I am working on stochastic processes, more specifically most (but not all) of my results concern stochastic interacting particle systems and growth models. Within this area, these are some of the more important achievements:
- Construction of processes: To establish that a stochastic model exists with the desired properties is already a nontrivial task in many cases. It had been done for many
classical
systems, but in many ways interesting models had not been constructed before. With coauthors we used sophisticated coupling arguments to build up a class of very strongly interacting processes as a limit of finite-volume (and therefore well-behaved) versions. Recently, I have also been involved in exploring blocking measures, curious equilibria that arise from artificially blocking the natural flow of particles. Surprising connections to the theory of partitions emerged.
- Microscopic description of shocks: A general phenomena in the field is that after rescaling the Law of Large Numbers takes form of a hydrodynamic limit, in which the rescaled system converges to the solutions of certain nonlinear partial differential equations. These equations possess shock solutions, the microscopic counterparts of which in the stochastic model itself are rarely understood. I was leading some investigations in which we could give detailed description of a few distributions in particular cases of models which exactly match up the definition of shocks. We also have a detailed understanding of the dynamics of these objects, and could even place the second class particle, a well known and important probabilistic object in this context. I have also contributed to our understanding of the behaviour of second class particles in the rarefaction wave, the hydrodynamic opposite of shocks.
- Current (growth) fluctuations: A breakthrough in recent years has happened as the rigorously established fluctuation picture of interacting particle systems has emerged. For some systems convergence to the famous Kardar-Parisi-Zhang equation (KPZ) is now proved, and more and more knowledge on this equation itself becomes available. From early on during these achievements we gave probabilistic proofs of the unconventional scaling that comes with this convergence in various models. Our methods are rather different from the
mainstream
arguments - in some sense more robust, and in some sense less detailed, but certainly more probabilistic in nature. We use sophisticated (second order) coupling arguments combined with combinatorial identities of the class we consider and optimisation steps to come up with time1/3 scaling results.
- Last passage percolation: Closely connected to the above themes, we have investigated last passage percolation models (LPP), particularly the one with exponential weight distribution.
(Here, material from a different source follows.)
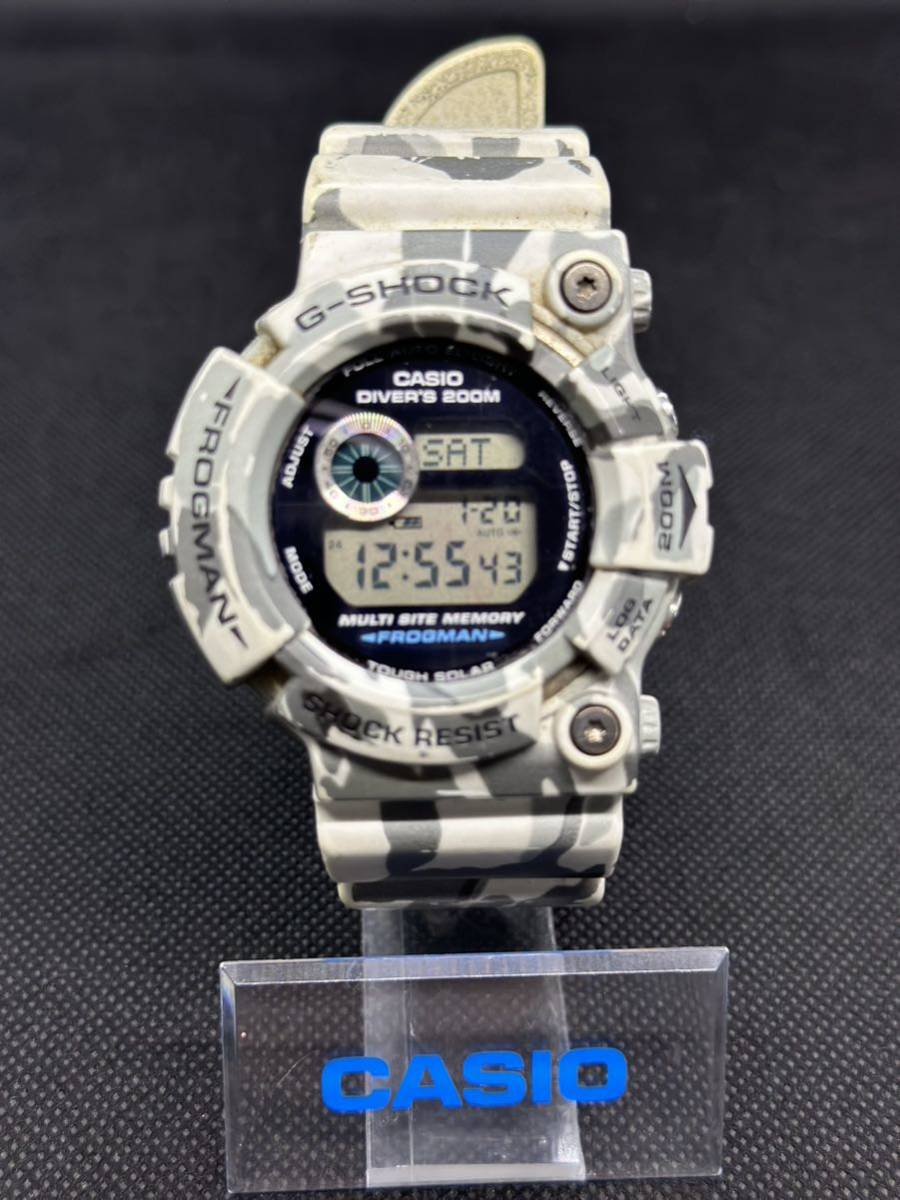 G-SHOCK ブラジリアンフロッグマン 迷彩 GW-200CF_画像1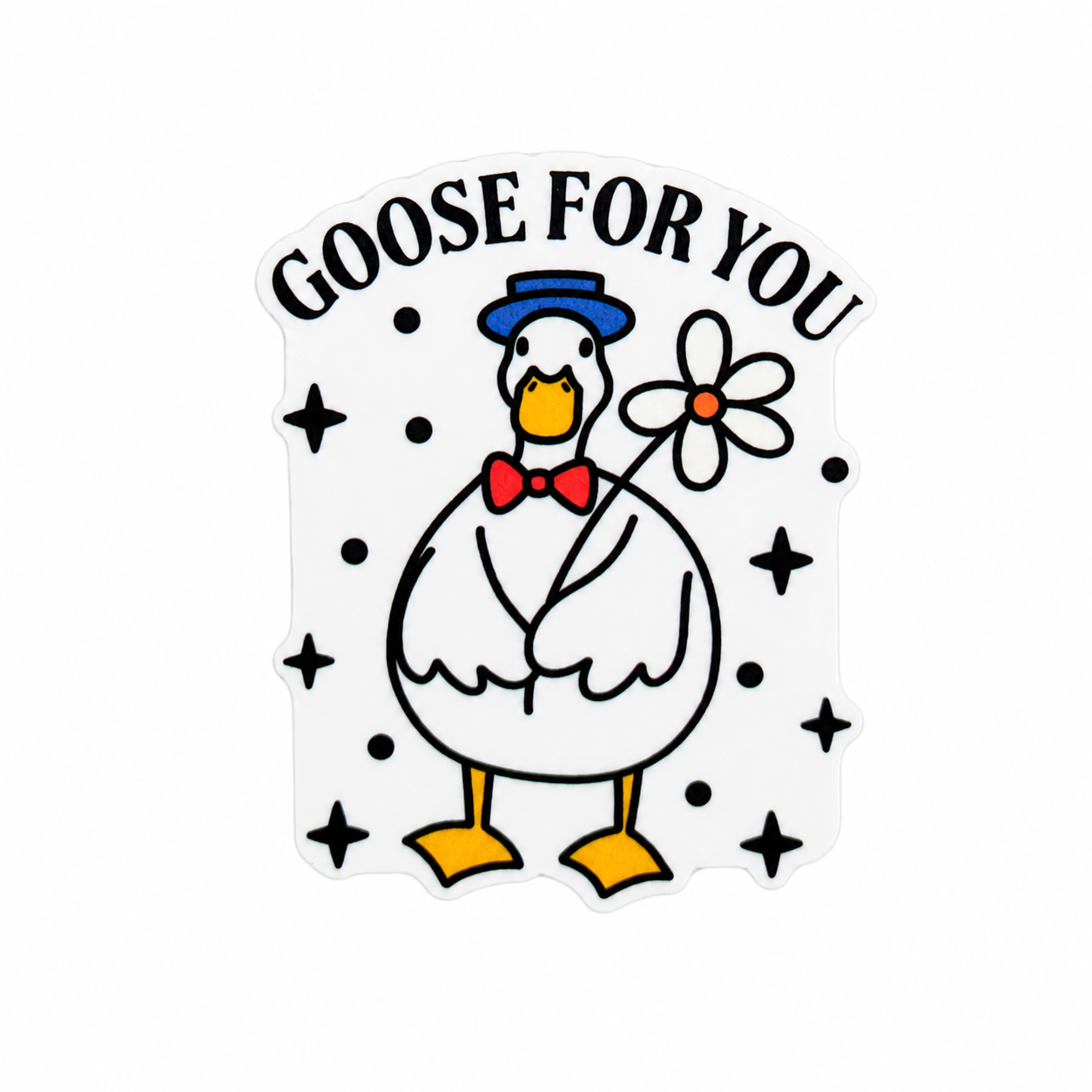 Goose For You | Plastic Add-On - BadgeSmith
We extensively investigated spatial stationary properties of the model and used this to prove KPZ-scaling order. This is the analogue of the results mentioned above for particle systems - a lot of phenomena in LPP have matching behaviour in interacting particle models. We then further bootstrapped the methods to establish the correct order of fluctuations, as well as coalescence and stabilisation properties of geodesics (optimal paths in the random LPP landscape) even when the stationary structure is not present anymore.
- Blocking measures and combinatorial identities: While inhomogeneous, reversible stationary scenarios called blocking measures have been known for a long time, only recently we uncovered an incredible rich combinatorial field related to them. Reversibility adds extra structure which translation-invariant non-reversible distributions do not possess. Together with the exponential change in parameters as we move from site to site this gives rise to exotic recurrence relations and identities involving the q-Pochhammer symbols and other quantities closely related to the theory of integer partitions. Purely probabilistic and completely new proofs of several partition identities: Euler's identity, the q-binomial theorem, the Durfee rectangles identity, the Jacobi triple product identity and more emerge from these considerations.